Even though strife is inevitable, a healthy government is able to suppress conflicts and enforce the code of peace amongst the constituencies which it governs by harnessing the power of said constituencies. When two currents come into conflict, the government borrows the strength of all other currents to dispel the conflict. For as long as the vast majority of interest groups believe in the government and are bound to the state through common interests, conflict, even when arisen, can be safely defused. The preservation of this fragile balance is the hallowed duty of government, but when the vortex spirals out of control and conflicts escalate into fateful deadlocks of interests, the state implodes, collapsing upon the government at its centre. 
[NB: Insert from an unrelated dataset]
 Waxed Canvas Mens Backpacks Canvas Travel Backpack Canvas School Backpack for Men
Every government is destined for failure due to the nature of our world. One of the axioms which sustain the discipline of history, and indeed, humanity as a whole, is that change is constant and inevitable. A government that is perfectly adept at preserving peace in the 1200s AD would be dysfunctional by the 1400s AD if it does not react to the new circumstances and adapt accordingly. The reason for this universally inexorable fate is twofold: the law of inertia and the tendency of government to develop into a distinct interest group of its own, both of which leads to the terminal calcification of the state’s political apparatus. A man, just like all other organisms, is by nature resistant to change, and since a state is a man multiplied and his traits magnified, it too is reluctant to embrace transformative initiatives. Those in power, or the dominant currents in the vortex, would obstruct innovations at all costs, as dictated by the need to protect their own interests, whilst those not in power, or the economically or ideologically inferior constituents of society, are compelled by the desire to overturn their misfortune to lobby for change at all costs. Any governmental initiative to adapt the state to be better suited for the present circumstance thus poses the danger of dividing the society, acting as a polarising agent of conflict: thus becoming counterintuitive to the goal of government.
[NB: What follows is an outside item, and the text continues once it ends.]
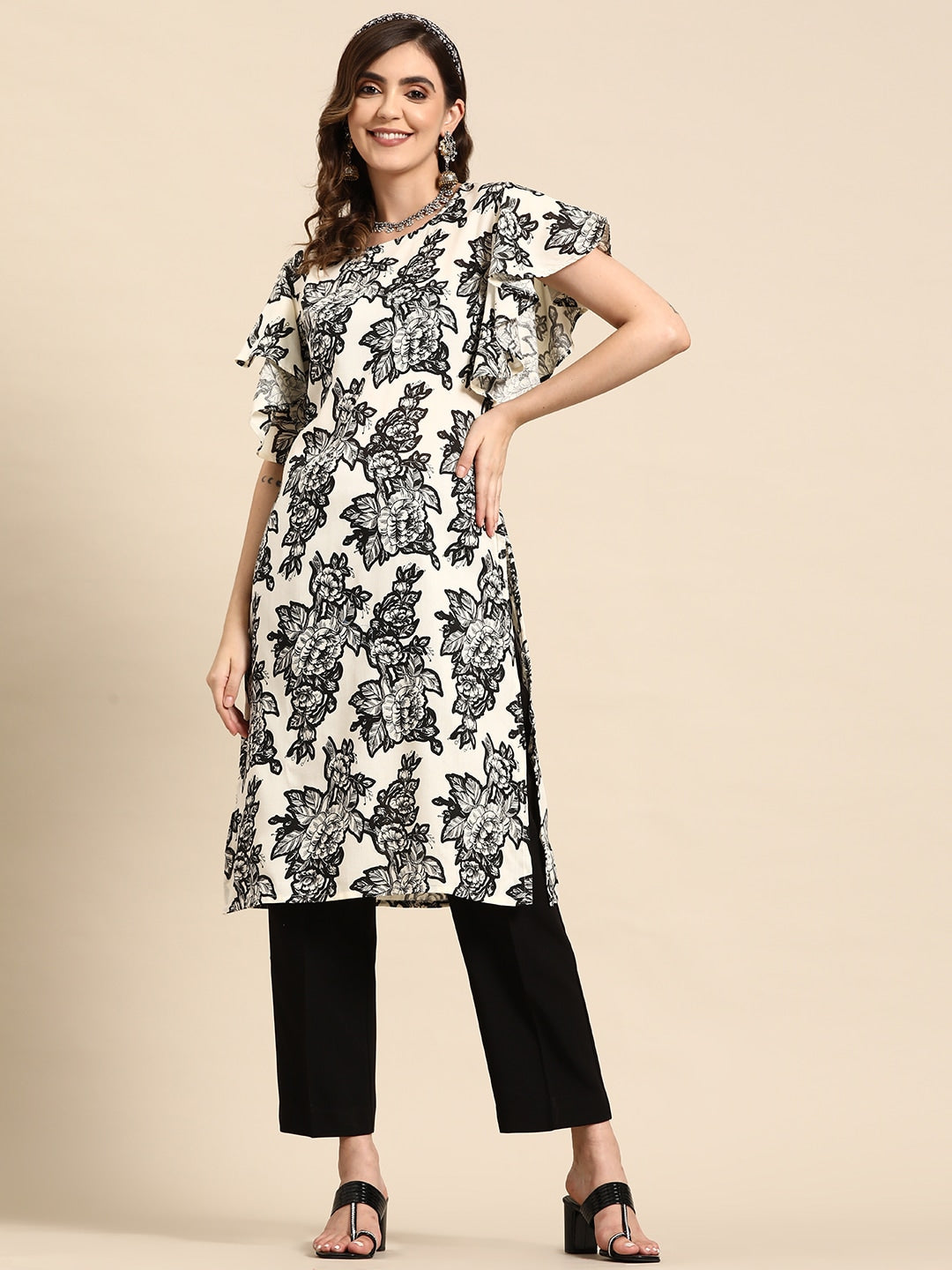 Sangria Floral Print Flutter Sleeves Kurta | Grocsy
When a state spirals out of control, two divergent paths are presented: revolution and negotiation. Throughout history, humanity has always adopted an uneven combination of the two, but whenever the state leans to much to either side, disaster ensues. Revolution is the abrupt and often violent overthrow of the calcified remnants of the old government with the intent of equipping the state with a new system of governance best suited for the current circumstance. But this process is highly destructive, as it shatters the values which once provided the foundational illusion that the various interest groups of the state are bound together by nature and not just by interest. Once it is revealed to all that the state is merely an amalgamation of disparate currents rather than a unity of identity, faith, ethnicity, and beliefs, society usually explodes after its initial implosion. In this state, humanity is reduced to primal predation: the strong preys on the weak, and warlords rule the lands. A man is defined by his memories, they make him who he is, provide him with comfort when he is weak, joy when he is melancholic, and guidance when he is lost. A state, being man multiplied and magnified, is the same. The cultural heritage of a nation, if destroyed amidst a revolution, leads to violence, madness, and anarchy as does a man robbed of his memories. Continuity is the most central component in a society, and revolution is veritably the severance of this crucial thread. In Chinese, the word for revolution best illustrates this aspect of social change: 革命, “a change in destiny”.